映画『TAR ター』とあわせて読みたい一冊
『2001 キューブリック クラーク』(早川書房)
マイケル・ベンソン[著]、中村融・内田昌之・小野田和子[訳]
添野知生[監修]
音楽の世界ではないが、総合芸術である映画のタクトをふるうスタンリー・キューブリックには、リディア・ターが持つ強かさと脅迫的なクリエイティビティを重ねずにはいられない。
映画『2001年宇宙の旅』の監督であるキューブリックと原作者のアーサー・C・クラークという偉大な天才2人を軸にした映画の製作のドキュメンタリー『2001 キューブリック クラーク』では、あの伝説的SF映画の制作の内幕を記した一冊である。
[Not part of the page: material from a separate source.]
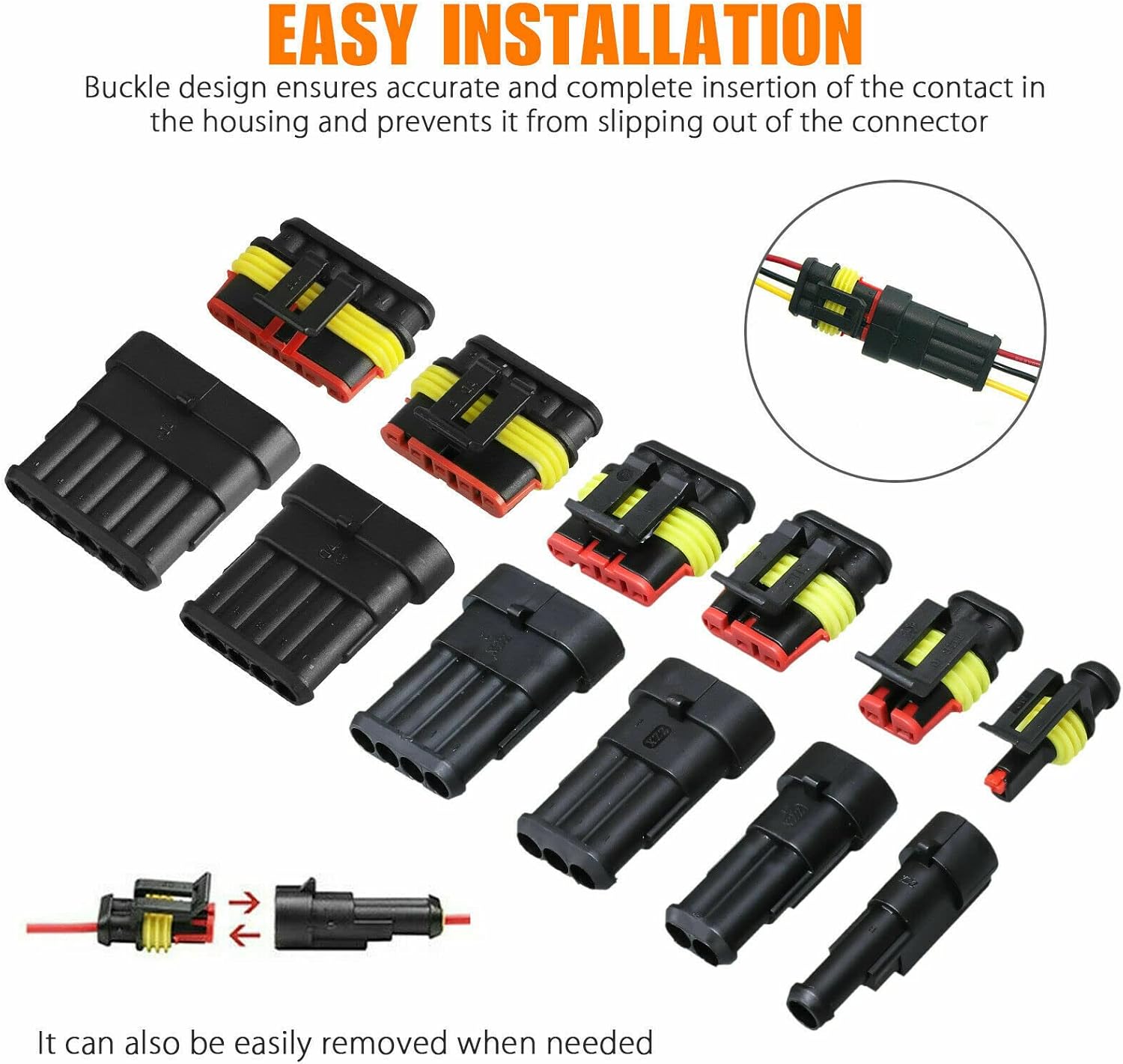 708PCS Automotive Electrical Connectors;Weather Pack Connectors Kit;1 2 3 4 5 6 Pin Waterproof Car Auto Electrical Wire Connector Plug Kit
なかでも製作準備段階において、当時のSF小説の第一人者であったアーサー・C・クラークが参加するエピソードはまさにリディア・ターを彷彿とさせる。
キューブリックは映画製作においてあらゆる局面で自分のコントロール下に置くことを望んだが、それは共同制作者であるクラークにも及んだ。
彼を自分の意志に服従させるために自身の制作会社の社員となるようにクラークを説得しようとした。こうしたクラークとキューブリックの関係がとてもスリリングに描かれたノンフィクションなのである。